#### DATA BELOW ####

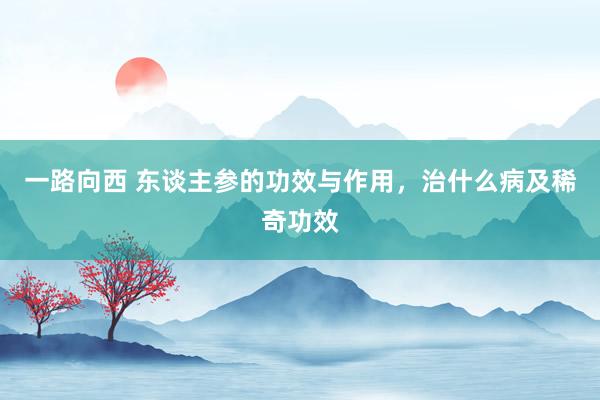 一路向西 东谈主参的功效与作用，治什么病及稀奇功效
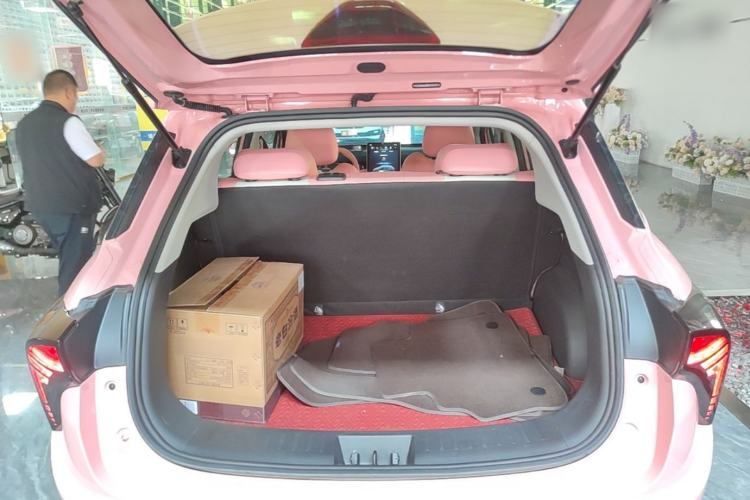 Used NETA V 2022 Chao 400 Lite Pink Custom Edition Trunk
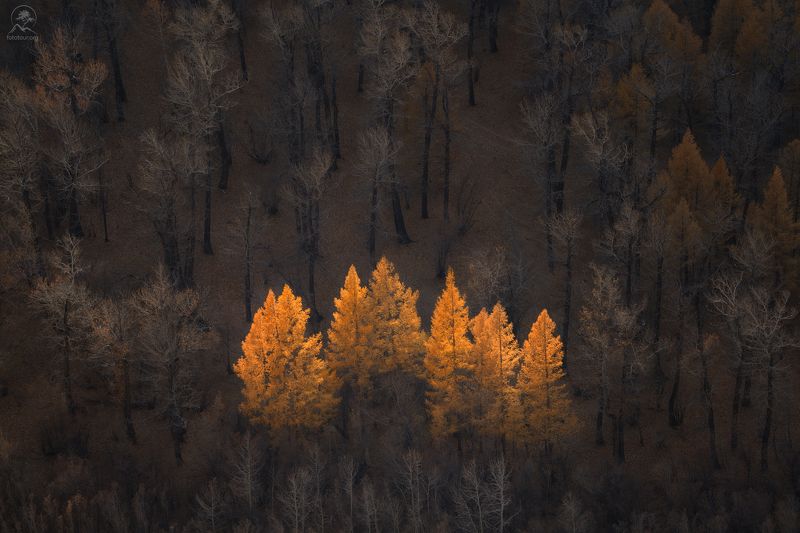 алтай, фототур по алтаю, осень, горы, горный алтай, республика алтай, чаган-узун СВЕТЛЯЧКИphoto preview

####

**PROBLEM DETAILS**: Everything above should be given again exactly, apart from the pictures.

**WRITTEN RESPONSE**:
 一路向西 东谈主参的功效与作用，治什么病及稀奇功效
 Used NETA V 2022 Chao 400 Lite Pink Custom Edition Trunk
 алтай, фототур по алтаю, осень, горы, горный алтай, республика алтай, чаган-узун СВЕТЛЯЧКИphoto preview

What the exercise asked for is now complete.